落葉の季節がやってきた。暑苦しい夏が終わり、生命が少しずつ眠りの準備を進める。涼やかな風が吹き、人々にとって、過ごしやすい時期になってきた今日この頃。私は、駐屯地に併設された病院で、ベッドに腰掛け、外を見ていた。
なぜ私が病院にいるのか。単純な話である。入院しているのだ。
別に病気というわけではない。ただの怪我である。この怪我の理由は、昨日の午前1時程まで遡る。
私はラウラと少し話をしてから眠ってしまった。しかし、すぐに目が覚めた。全身、特に右の脇腹に激痛がはしったのだ。ラウラをゆっくり引き離し、服を捲ってみる。腹部が血で真っ赤になっていた。これには様子を伺っていたルッツが、目を白黒させ、謎の言語を話し出す程にパニックになり、すぐさま他の隊員が駐屯地へ連絡。眠りかけの軍医を叩き起こし、治療の準備を急がせ、私達の車は病院へ向けて急加速。ラウラが起き、何が起こったのかを聞いてくるが、パニックをこれ以上引き起こさないためにはぐらかした。
病院へ着くと、すぐに私は運び込まれ、治療を受けた。
これが事の顛末である。
実際、結構な大怪我だったらしい。脇腹は弾が貫通しており、左胸部には弾がカスっていた。いつやられたのかは分からないが、弾が体内に残っておらず、内臓に傷がなかった事は不幸中の幸いであったようだ。しかし、当然弾痕は残り、胸部は3針縫ったらしい。よって、今日明日は安静にとのこと。何故これほどの怪我に気づかなかったのかと軍医は言ったが、さあ?としか答えられず、アドレナリンの過剰な分泌であると一応の決着はついた。
因みに、今作戦における怪我人は私、マルコ、ブルーノの3人のみ。
マルコは右足に弾がカスり、なかなか深く、3針の怪我。
ブルーノは敵の兵士と取っ組み合いになった時、3発いいのをもらい、肋骨の1本にヒビが入ったらしい。
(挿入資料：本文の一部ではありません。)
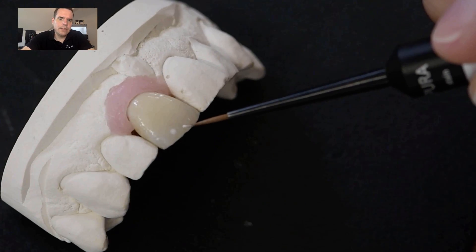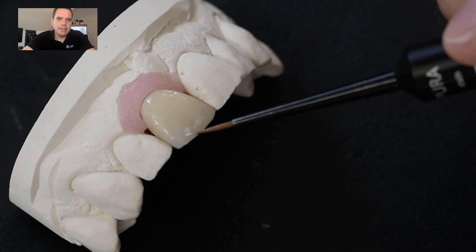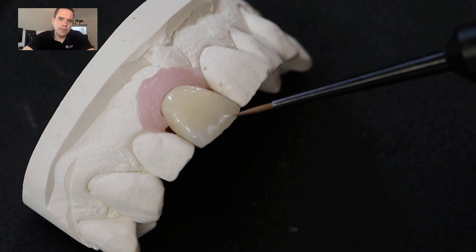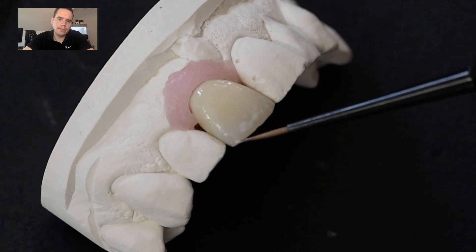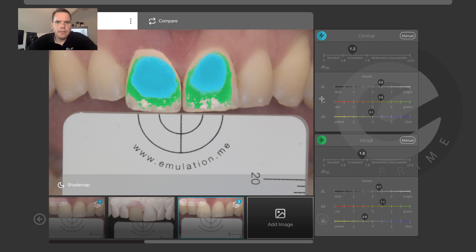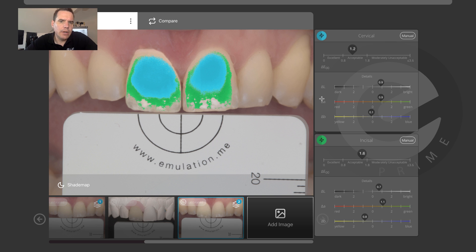The last thing we have to do is characterize that incisal area to copy the fluorosis with a bit of white myostains before we take a photo. And then this is already the second digital try-in and the result after a bit of characterization, also a little bit of shaping. The incisal aspect has improved as far as the delta E is concerned, and that's now ready to be completed and sent out to the dental office.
本人は
「もう歳かな。ワハハハハ」
なんて言って大笑いしていた。
さて、2日の入院生活中はとても暇だ。今のうちに、作戦後の展開について思い出しておこう。
作戦終了後、怪我人以外は迅速に装備を片付け、整備班と報告班に分かれ、急ピッチで作業が行われた。陸軍総司令部への報告書、これまで入手した情報の整理、保護した6人の今後などなど、やる事は沢山ある。私も手伝いたい所だが、怪我人である事、そしてまだ子供であることから、整備はともかく、それ以外は難しい。よって、何もできないのが現状である。
保護された6人の身柄は、しばらく私達の部隊の管轄下に置き、改めて考慮されることとなった。
ラウラの目の色が左右で違う理由も明かされた。あの研究所では、IS戦闘時のサポートや適合率の向上のため、ナノマシンを用いた技術の研究、その最初で最後の実験ヴォーダン・オージェ(オーディンの瞳)の投与が行われており、ラウラはその実験の過程でヴォーダン・オージェが暴走し、自分で制御できなくなってしまった。という事だった。ヴォーダン・オージェの効果としては、脳や神経に負担がかかるが、相手の動きを鮮明に捉えられるというものであり、ラウラはその暴走によって『失敗作』と呼ばれていたらしい。
研究所において、あと1つ言及しておくべきものがある。ISである。あのISは他基地より無断で持ち出されたものであり、4年もの間研究所だけで隠蔽するのは不可能とされ、その基地は人員を丸ごと入れ替え、特設IS部隊として再編。そこにあの6人が呼ばれる可能性が高いらしい。
少なくとも、私が知るのはこれだけ。あとは怪我の療養に専念しなくては。